L’indie pop tricolore sta vivendo in questi anni un periodo di grande successo tra il pubblico e, anche se il concerto degli Ex-Otago al Gran Teatro Geox di Padova non ha portato folle oceaniche di spettatori, la risposta per una band che fino a poco tempo fa si esibiva in club di più modeste dimensioni è stata positiva. L’effetto Sanremo ha sicuramente contribuito a questo salto di quantità, ma i genovesi arrivavano da un album come “Marassi” che aveva già permesso loro di farsi conoscere al grande pubblico.
Si amplia l’arena, cresce il pubblico ma l’attitudine del quintetto ligure resta sempre quella. Niente produzione stratosferica, l’unico “lusso” che si concedono è un pannello sul retro che trasmetterà dei visual dedicati per ogni pezzo e, come introduzione del concerto, uno zapping televisivo con tanto di finto spot del concerto di Padova. A penalizzare l’esibizione, una resa acustica non soddisfacente con la batteria in eccessivo risalto per quasi tutto lo show.
Avevamo detto di “Marassi” come album che li ha lanciati; e non è un caso che il loro penultimo disco ricopra un ruolo fondamentale nella setlist insieme all’ultimo “Corochinato”, nei negozi da febbraio. E molto probabilmente è voluta anche la scelta di ripescare pochissime cose dal loro passato remoto; dal punto di vista dei pezzi, trova spazio una latineggiante “Costarica”, che insieme ad una toccante cover di “Amore che vieni, amore che vai” di Fabrizio De André, sono gli unici brani al di fuori della loro ultima parentesi di carriera. Dal passato però arrivano altre due importanti influenze, come lo spettro di Luca Carboni che aleggia sull’intero show, e soprattutto sull’esibizione del cantante Maurizio, e quella eurodance che li ha spinti in passato a fare una cover di Corona: una passione ancora intatta e testimoniata anche da quell’intro a cassa dritta che ha accompagnato l’esibizione di “Tutto bene”.
Dalla loro gli Ex-Otago godono di una formula perfetta per il live: avere in canna pezzi che fanno saltare, lanciati da cori diventati veri e propri inni generazionali, e anche dei pezzi acustici notevoli. Un esempio è proprio la già citata “Costarica”, suonata sul parterre nell’area bar dell’arena immersi dal calore del pubblico. Ma è con pezzi come “Bambini”, l’inno “I giovani d’oggi” e l’ormai storica frase “I giovani d’oggi non valgono un cazzo”, “La nostra pelle”, “Quando sono con te” e la conclusiva “Cinghiali incazzati” che il pubblico esplode, creando un frastuono molto più rumoroso di quanto ci si potesse aspettare.
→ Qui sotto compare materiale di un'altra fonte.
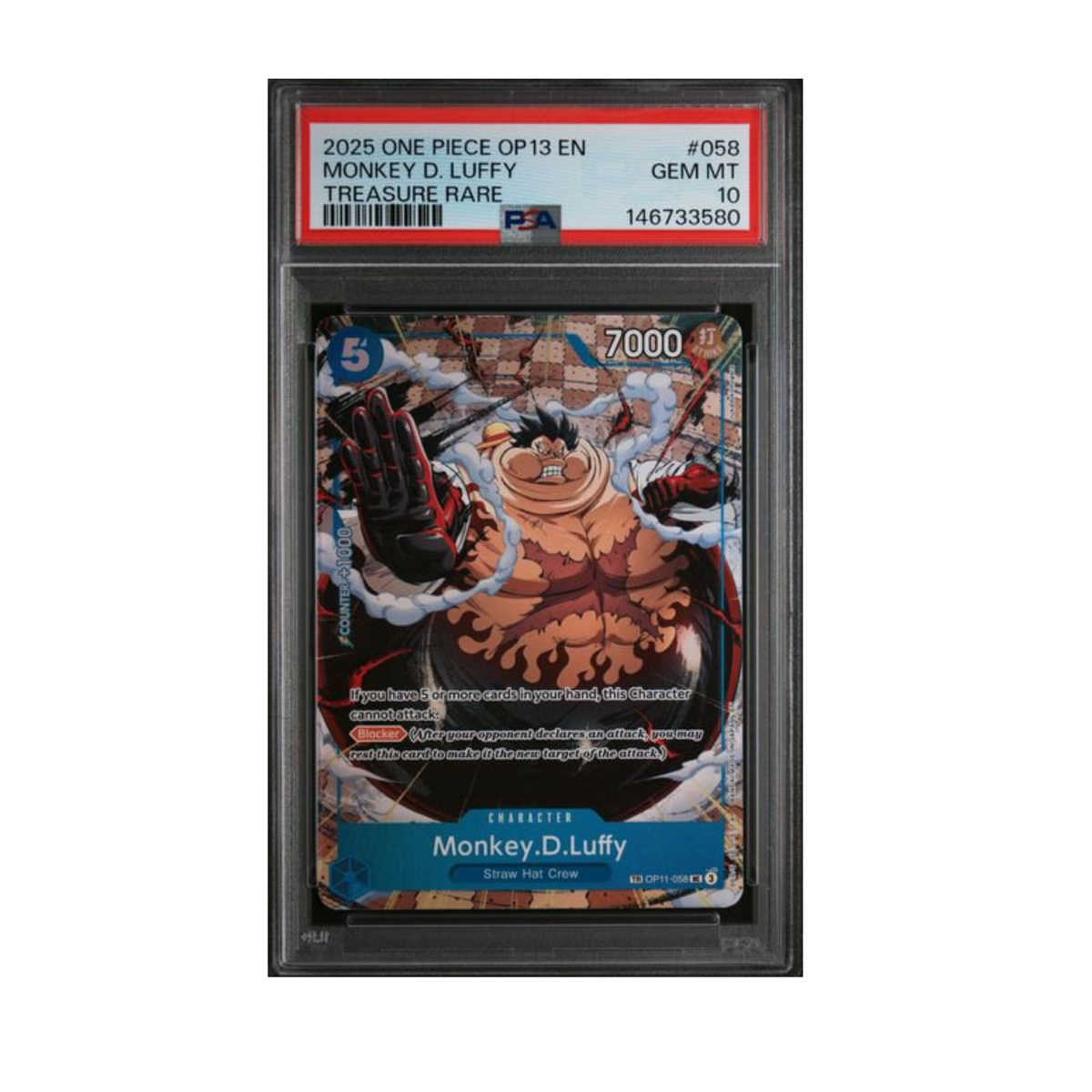 One Piece Luffy TreasureRare PSA 10 3580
Spazio anche per “Solo una canzone”, il brano che li ha portati ad esibirsi nella vicina Sanremo e che, aprendo l’encore, li ha visti anche esibirsi con lo stesso completo total white utilizzato alla kermesse canora.
Una band dalle mille sfaccettature, dalle molte influenze e con una proposta che può colpire in maniera più o meno trasversale: non saranno i più famosi del lotto, non avranno ancora ottenuto il prestigio di un Forum di Assago, i teenager preferiscono il più giovane Gazzelle, ma i liguri Ex-Otago hanno a loro favore il fatto di essere una band solida e con un repertorio destinato a durare, frutto di influenze giuste e di una lunghissima gavetta. Una band che non si brucerà al primo raggio di sole ma molto probabilmente destinata a durare.